Nel Paese sono previste diverse modalità di sostentamento e agevolazione per gli artisti che svolgano la professione in modo abituale. Grazie alla KSS – Kunstlersocialkasse, agli artisti-lavoratori autonomi che esercitano la professione in modo abituale e che si mantengono con il proprio lavoro è concesso uno sconto del 50% sul pagamento della fee assicurativa, che viene corrisposta dallo Stato. Per poter godere di tale beneficio è necessario avere un reddito di almeno 3.900 euro annui, salvo per i giovani professionisti, per i quali non è previsto un reddito minimo nei primi tre anni. In ogni caso, lungo un arco di tempo di sei anni, è consentito scendere al di sotto del livello di reddito minimo due volte. Gli artisti possono inoltre candidarsi per l’assegnazione delle borse di studio loro concesse su scala nazionale o giovare di fondi messi a disposizione dai distretti di Berlino ovvero dalla Cancelleria del Senato, in particolare il dipartimento che si occupa di Affari Culturali per l’implementazione di progetti di promozione e a sostegno dell’arte contemporanea. La Cancelleria del Senato permette agli artisti che vivono e lavorano a Berlino di ricevere uno stipendio per la ricerca o per un progetto per un periodo di tempo determinato.

6. NORVEGIA

In Norvegia lo Stato la fa da padrone, nell’accezione positiva del termine. Interviene direttamente come garante del benessere dei suoi cittadini in molti ambiti, come quello sanitario e previdenziale, oppure come difensore dei diritti umani, ad esempio il diritto all’istruzione gratuita. In un contesto del genere non può mancare l’intervento a sostegno dell’arte contemporanea.

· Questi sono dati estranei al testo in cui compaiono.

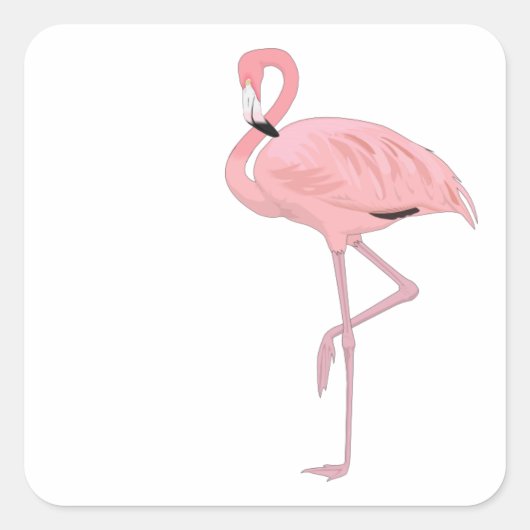 Roze Flamingo Staand Op Eén Been Vierkante Sticker (Voorkant)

L’ente governativo Art Council Norway, oltre a finanziare gli artisti impegnati in progetti meritevoli, eroga un vero e proprio stipendio (per un arco di tempo che può andare da uno a dieci anni) a molti artisti che operano sul territorio nazionale, i quali sono trattati al pari di ogni altro impiegato statale. E per ogni classe di dipendenti degna di questo nome esiste un sindacato che si batte per il rispetto dei loro diritti: in tale veste ha sede a Oslo la UKS – Young Artist Society.